A blogger who calls herself Quirky Teacher announced that she was finished with Twitter. She gave good reasons, and the more I thought about it, the more I realized that I’m just as tired of Twitter as she is.

Therefore, I too will be closing my account. I find I spend too much time trying to be right, being snarky when others say something that I deem to be 1) wrong, 2) idiotic, or 3) both, and trying to cajole others into ganging up on those whose opinions I find irritating.

I am also tired of the word “nuance” which is the usual rejoinder by those who do not agree with someone’s argument and criticize it by saying it lacks nuance.  I am tired of tweets promoting “smart and thoughtful posts” by edu-pundits and/or journalists who think they have the ultimate scoop on education.

It does have good attributes, but it is one of those precious “conversations” that rarely reaches any resolution and just seeks to further infuriate those who are furiating.

In ending my account, I am resisting the urge to tweet about this particular post.

7 thoughts on “Following the lead of others, Dept.

  1. Join the club! life is much better w/o Twitter (and Instagram, and even Facebook). Google searches can still keep you up to date on issues you care about, and you will be in the driver’s seat, not whoever tweets the most frequently.


  2. Barry, I understand. But… (I posted this to Twitter) in a response to your and QT’s exit from Twitter. 🙃

    I implore them both to return. We have to fight the battle where the enemy is, and when the enemy is “bad education fads,” the “where” is Twitter. Not in data. Not in research. But here, where 280 chars and the right hashtag wins over naive educrats & school boards to bad ideas.
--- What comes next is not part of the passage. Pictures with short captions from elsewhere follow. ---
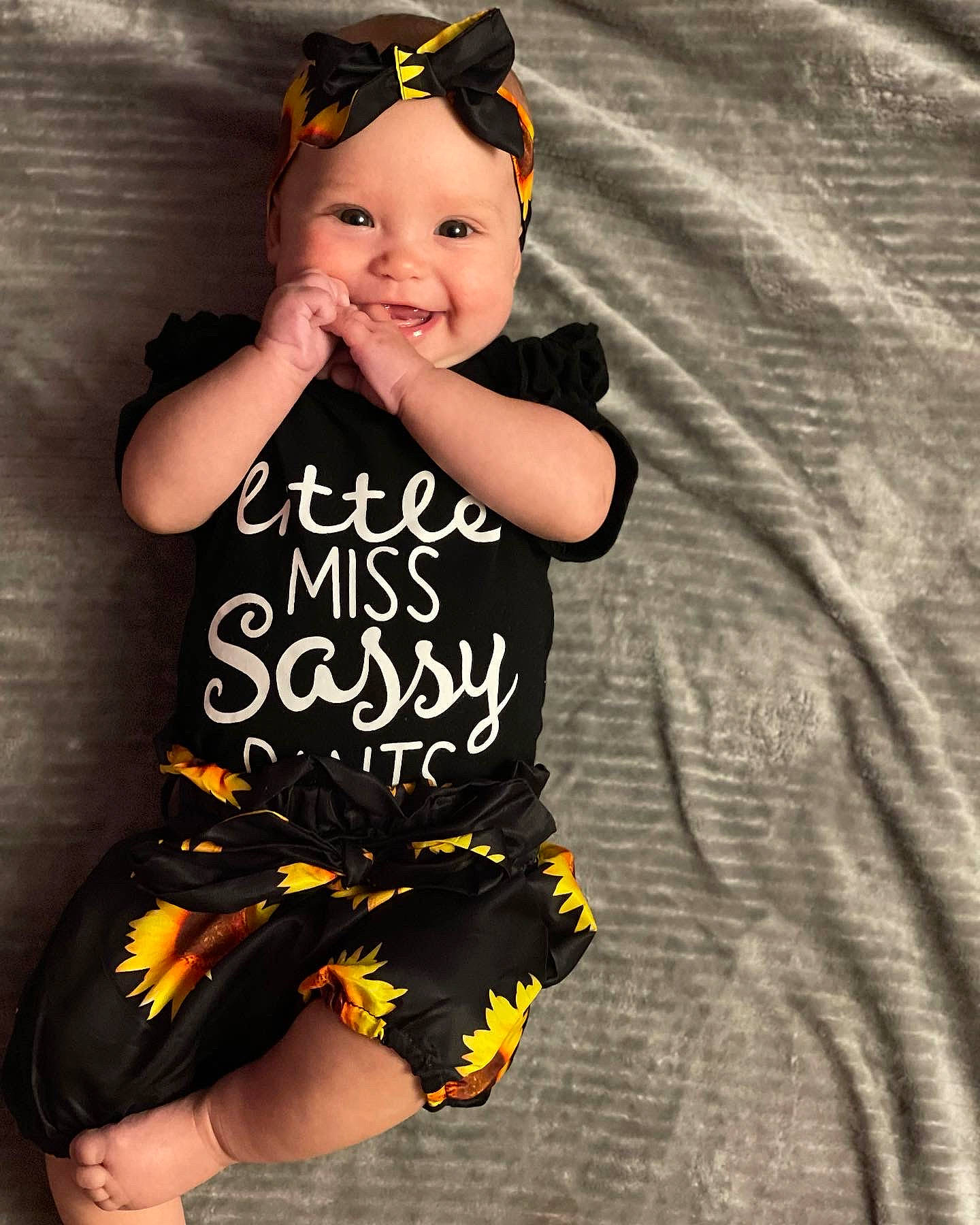 Harlyn joined the competition — help win amazing prizes! baby_toddler_clothing, black, day_dress, eyewear, face, facial_expression, flash_photography, goggles, happy, headwear, human_leg, joy, knee, one_piece_garment, pattern, person, sleeve, smile, t_shirt, thigh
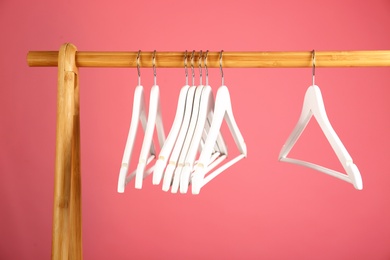 Photo of Empty clothes hangers on wooden rack against color background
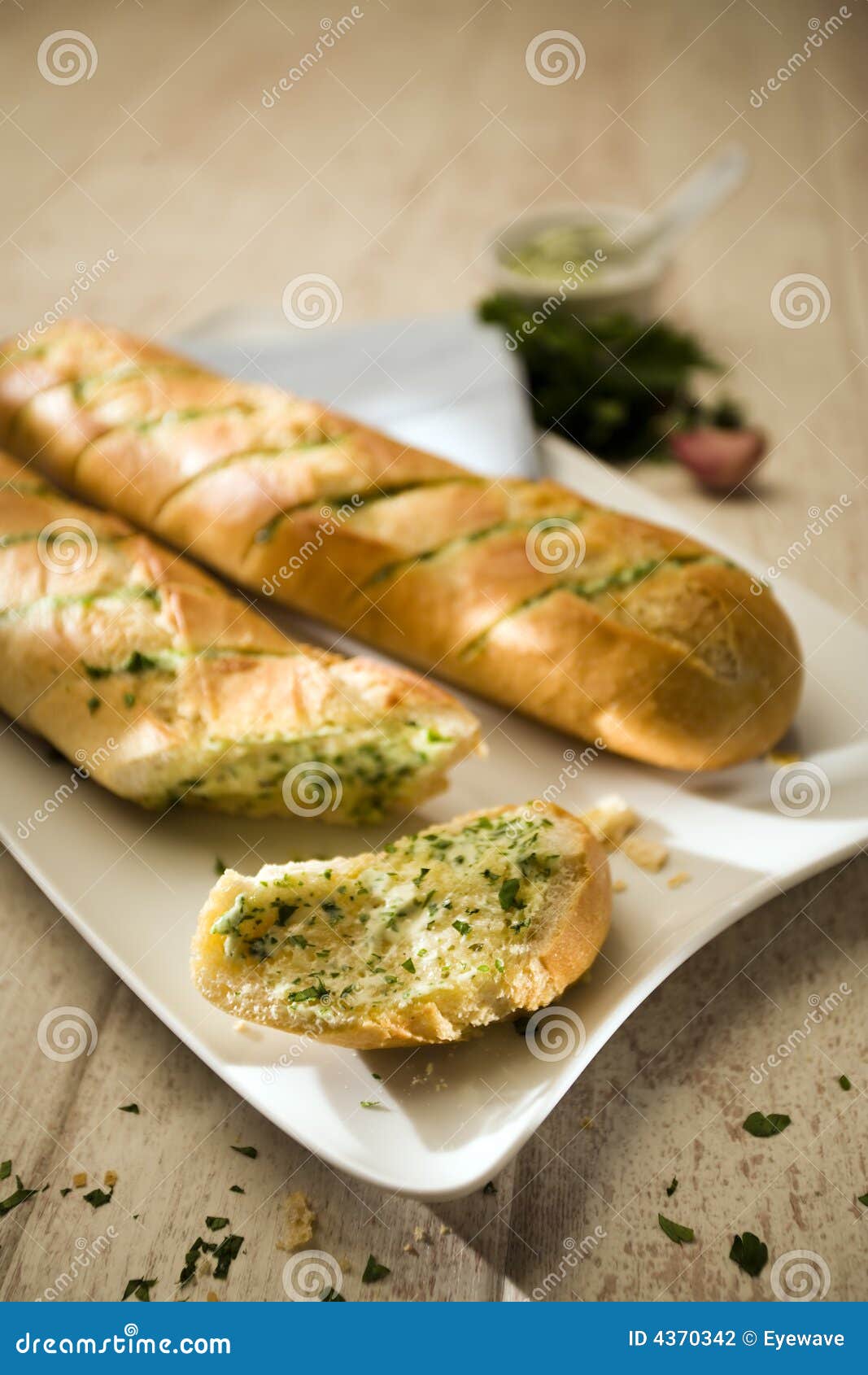 Baguettes with herb butter stock photo. Image of eating 4370342
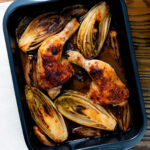 Roasted chicken legs, chicory and shallots in balsamic gravy in a roasting tin.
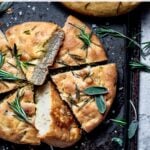 Focaccia sliced and covered with herbs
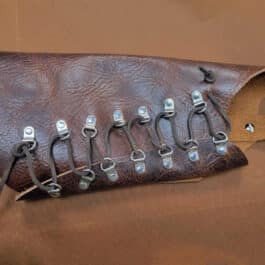 A Mirkwood Archers Vambrace with a bunch of metal clips attached to it.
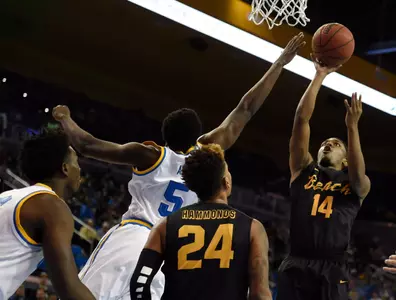 49ers guard Branford Jones shoots over UCLA Bruins guard Prince Ali during the game at Pauley Pavilion. Credit: Richard Mackson-USA TODAY Sports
    I don’t know if our tweeting does anything to convince other tweeters, but I hope it might at least give the lurkers (school board and admins) pause to rethink their decisions before jumping into the latest fad. That’s why our tweets need to be a mixture of solid defense (data, research) and trolling (sad to say but bad ideas deserve trolling). This is a battlefield and it’s not pretty. Please reconsider.


  3. I appreciate your concern and I understand about the battle. But do you really think the school board and admins have really changed their thoughts based on the tweets criticizing the math programs and educational malarkey in general? It may make them aware that people don’t like what’s going on, but I think they knew that going in. From what I’ve seen, it reinforces the tribalism.
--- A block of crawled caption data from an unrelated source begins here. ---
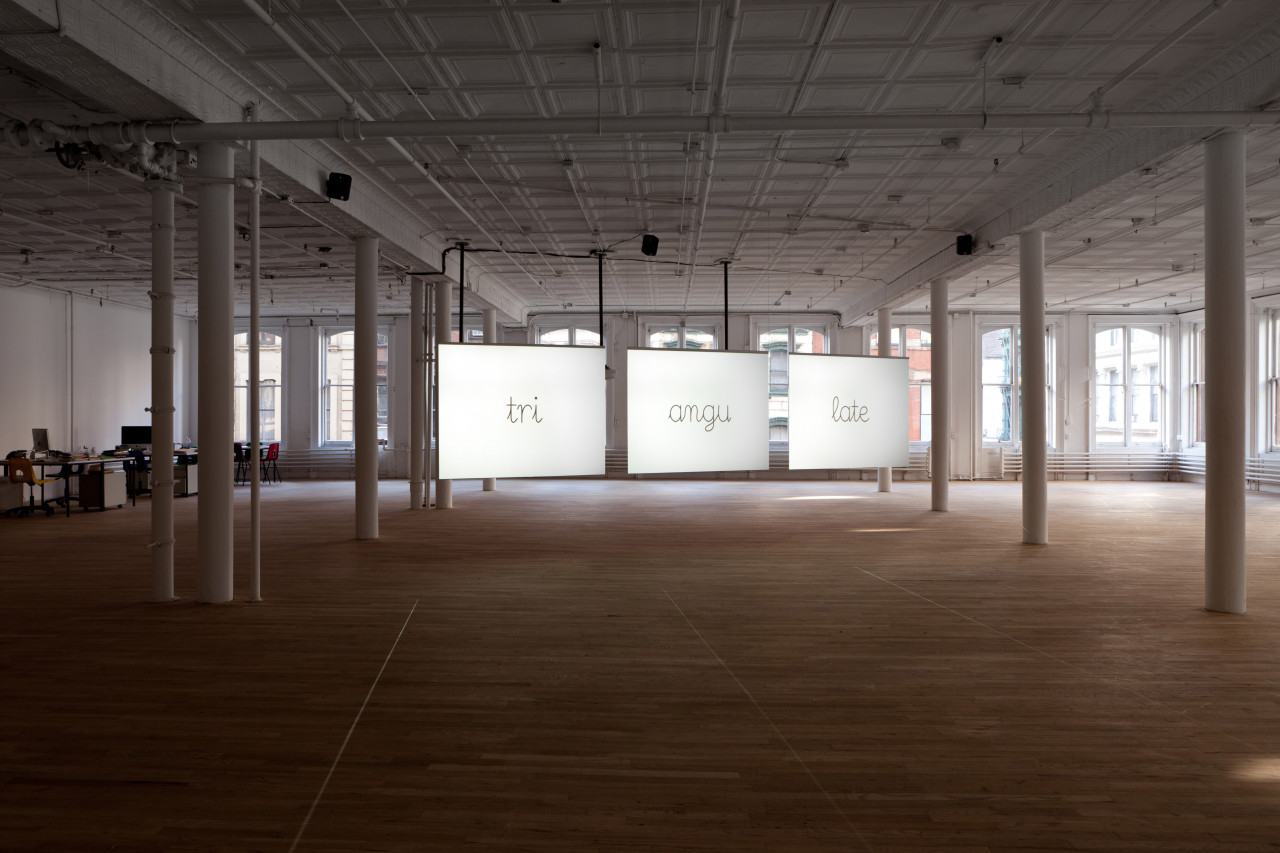In a dimly lit room with light wood flooring and white pillars, three illuminated panels are suspended from the ceiling in the distance. The panels each display a single word—"tri", "angu", and "late"—in a cursive font.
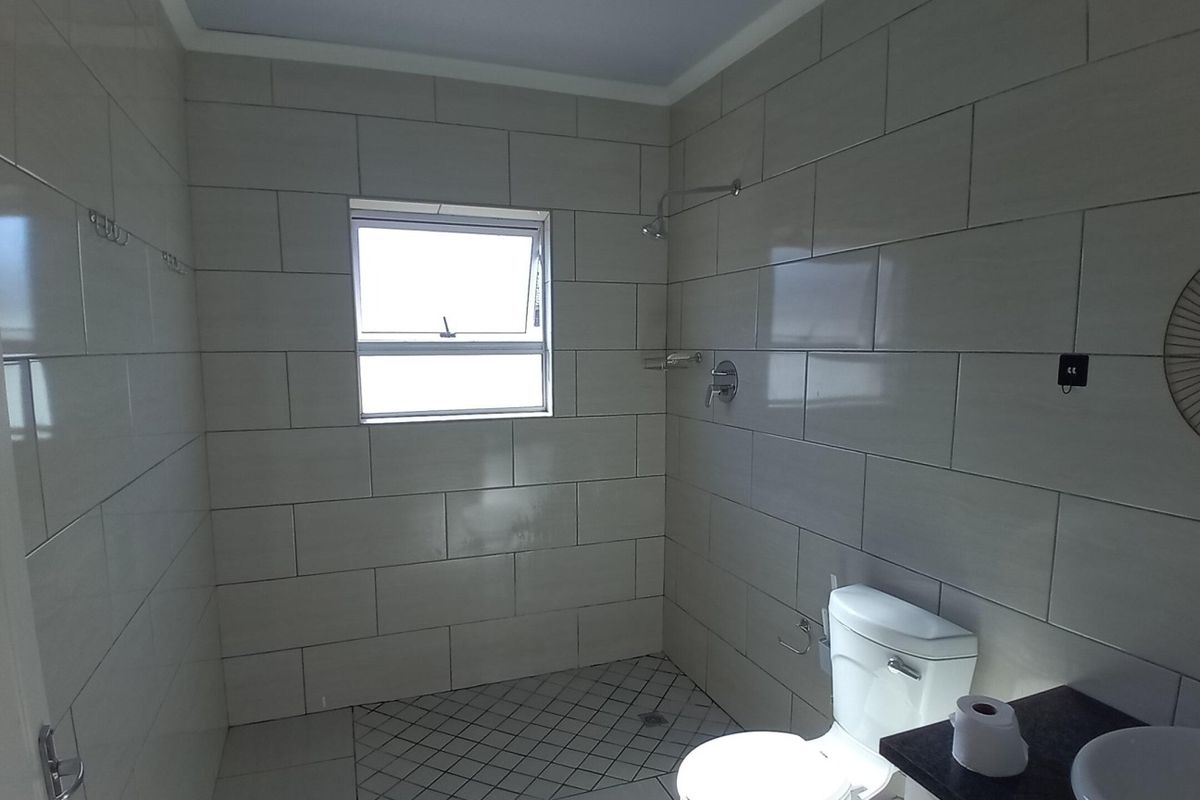A clean, modern bathroom featuring tiled walls, a walk-in shower area, a toilet, and a vanity basin.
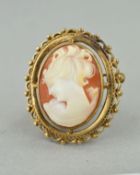 A LATE 20TH CENTURY SHELL CAMEO BROOCH, oval cameo depicting a maiden in profile, twist rope and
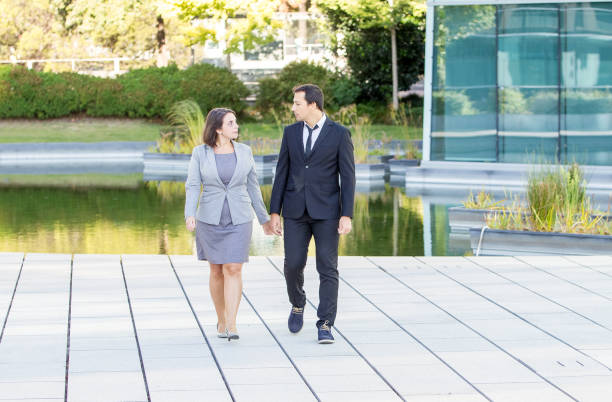 istock Serious Business Colleagues Walking Near Pond 866434188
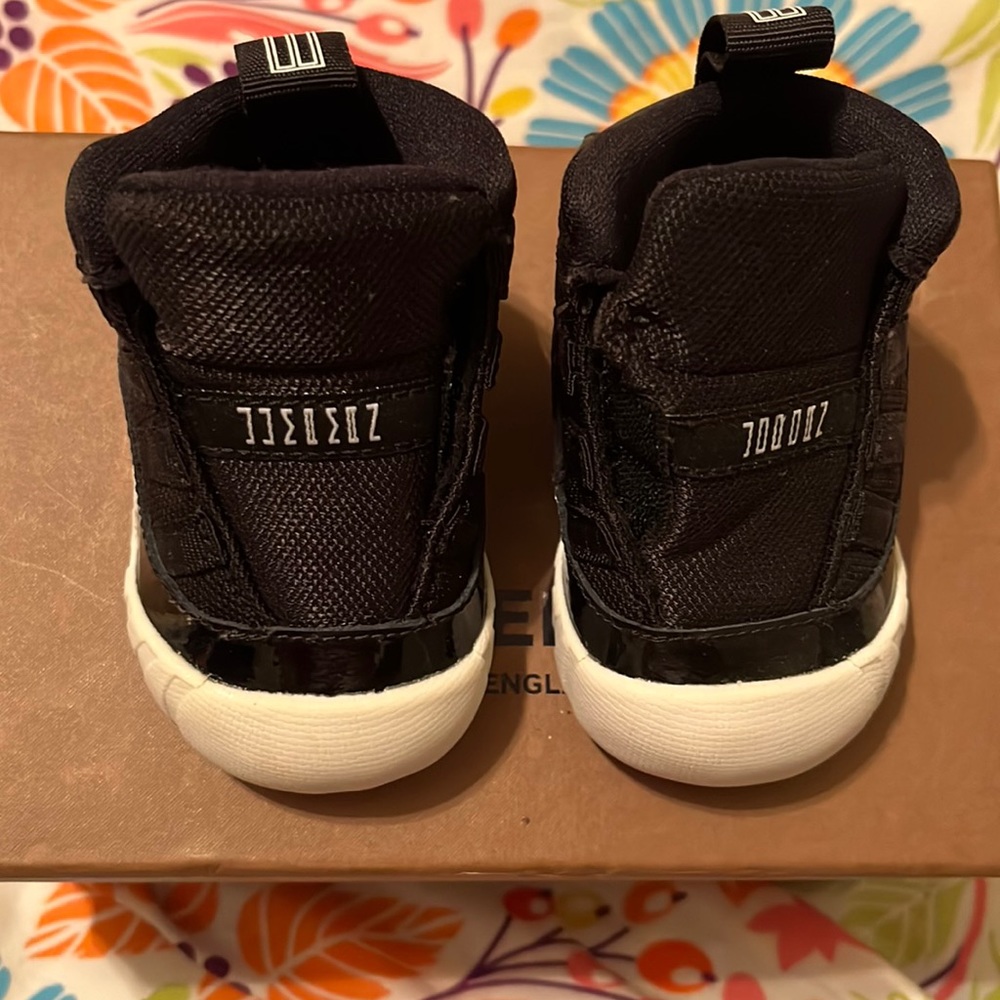 Black and red Jordan’s 11s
    • the problem with twitter is that it does nothing to convince people of new ideas. Those entrenched in the ideology of progressive education, i.e. the educrats/consultants, schoolboards and education ministry staff, reside in their own echo chambers where they are constantly surrounded by other likeminded individuals. They’ve convinced themselves that they’re the experts because that’s why they’ve been hired.
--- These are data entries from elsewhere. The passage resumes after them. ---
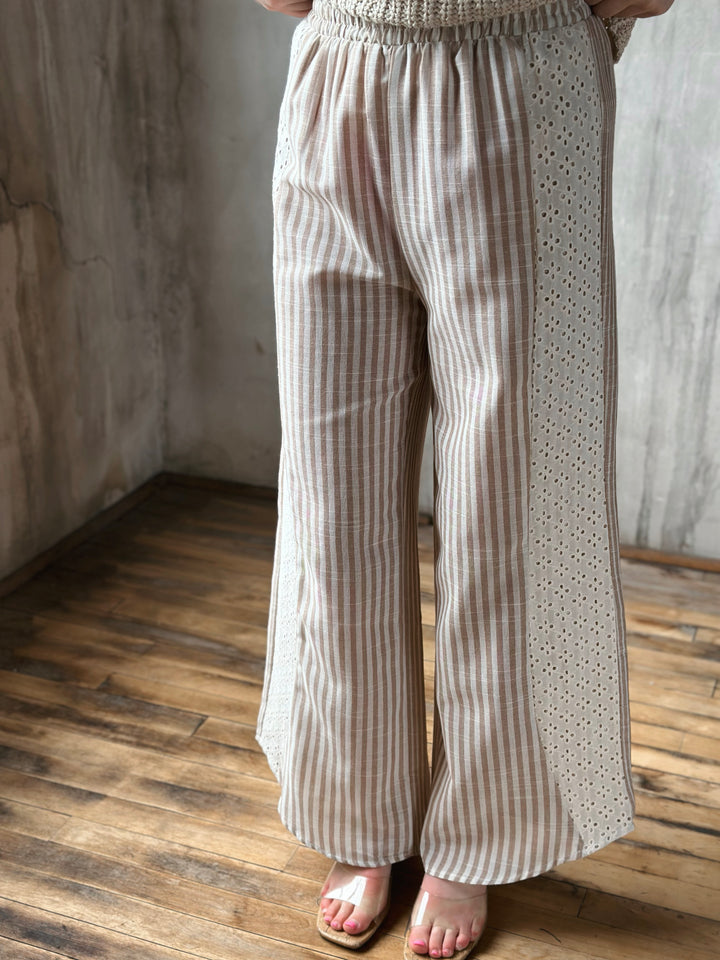 Person wearing beige striped pants standing on a wooden floor with a neutral wall background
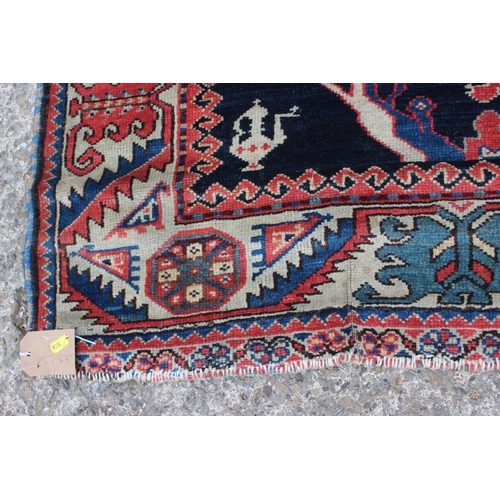 575 - A Hamadan wool rug with three central medallions with geometric and animal designs on a dark blue gr... 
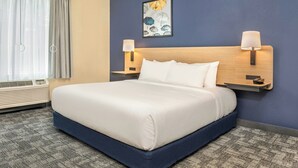 A hotel room with a bed, two bedside lamps, a wall-mounted artwork, and a window with curtains. - City Express By Marriott Elkridge (Elkridge)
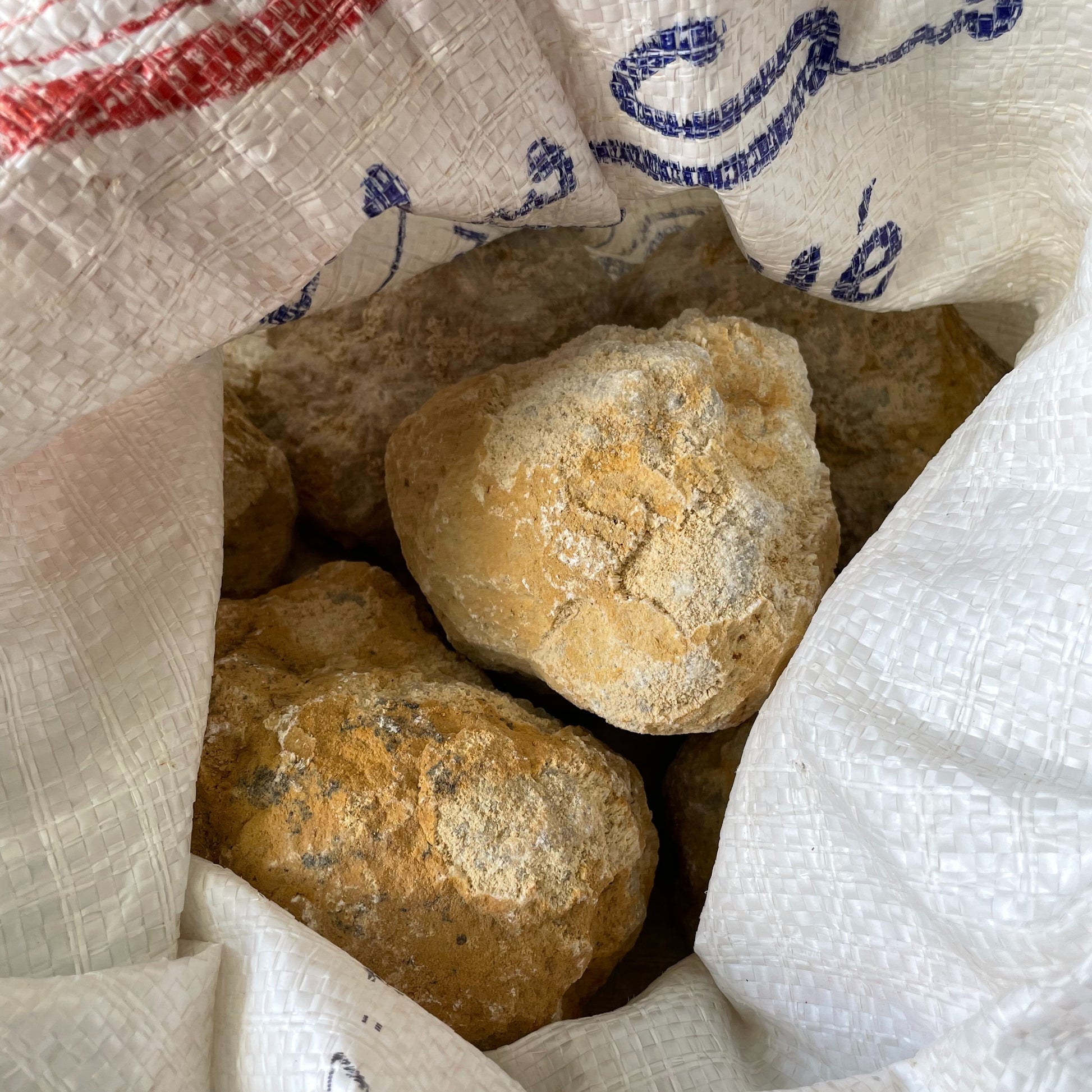 A large break-your-own geode resting on a wooden surface, displaying a rugged exterior with visible cracks hinting at the sparkling crystals hidden within.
      What I’ve found even more discouraging, are those that teach our kids have shown very little resistance to this nonsense, even though they know it’s not working. At least here in Canada. Our most fervent supporters *will not* speak out against Union/District interests; they stay silent. And that’s not helpful either.

      I support Barry’s switch as he’s given more than enough energy, and time to this and it’s time to move on to more productive endeavours.